The Zanu PF minister made the remarks during a question and answer session in the Senate on Thursday after MDC-T senator Dorothy Khumalo asked if the government would extend its programme to rebury remains of people who died during the liberation war to victims of the Gukurahundi genocide.

“There are remains of people who fought in the war and they have not been buried properly,” Khumalo said.

“I would think if that is done, similarly there are remains of people who died during the Gukurahundi which have not been buried properly. I hope we are also going to think about them and bury them properly.”

However, Ziyambi said burying victims of the massacres, some who were thrown into mine shafts in Matabeleland and the Midlands would be problematic.

“The problem we have is that we have a case whereby we are going to bury people whose cause of death we are not aware of,” he said.

“We will run into the problem whereby we even bury people who are not supposed to be buried by the State.

“This is quite a difficult question because when we are following this reburial programme, we have to follow the channels set up by the government. We have to follow the criteria required for the people to be reburied, people with a specific history.”

Human rights groups say up to 20 000 people were killed by the North Korea-trained 5th Brigade in Matabeleland and the Midlands soon after independence.

President Robert Mugabe refused to apologise for the mass killings saying dissidents should also be held accountable.

Mugabe once described the genocide as a moment of madness.

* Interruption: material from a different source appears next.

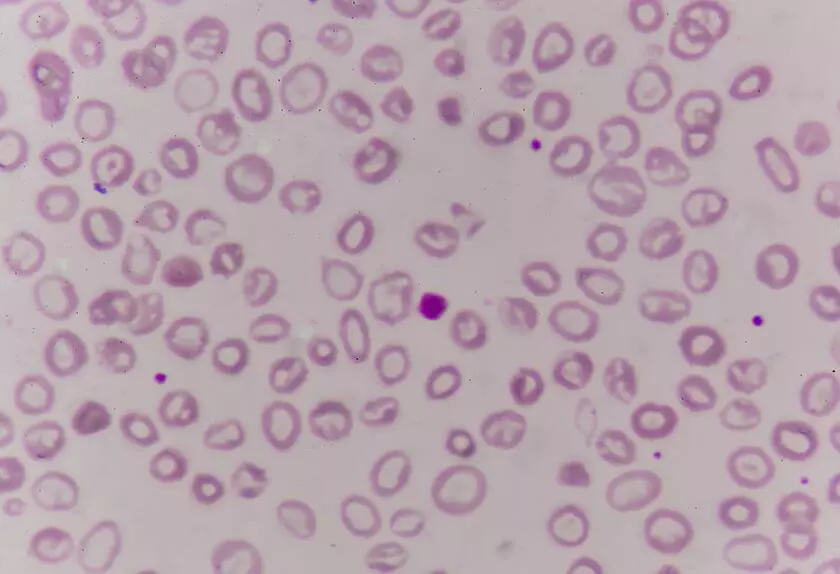 Гемофагоцитарный лимфогистиоцитоз. Гистиоцитозы из мононуклеарных фагоцитов, отличных от клеток Лангерганса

Meanwhile, Ziyambi blamed the poor state of provincial and district heroes’ acres across the country on sanctions imposed by the West.

He was responding to a question by former Matabeleland North governor Sithokozile Mathuthu who asked what the government was doing about the poor state of the shrines.

“I have realised that the Lupane heroes’ acres and other heroes’ acres in that area have not been constructed, and accorded the proper dignity that they deserve to have,” she said. “You find that livestock move around even on the graves.”

The deputy minister said the sanctions were to blame for the poor state of the shrines.

“We have been in problems and we seem to be sneaking out of these problems, but the problem we face is that we were living in the period of sanctions,” Ziyambi said.

“We know that if the sanctions are removed we will be able to get enough money so that we could work on all the projects which we were set out to do including care which should be given to the heroes acres nationwide.”

Former Education minister David Coltart last month warned that Zanu PF would start blaming everything that goes wrong in the country on the embargo imposed on Mugabe and his inner circle.

Coltart urged the Western countries to lift the sanctions and deprive Zanu PF a scapegoat for failed policies.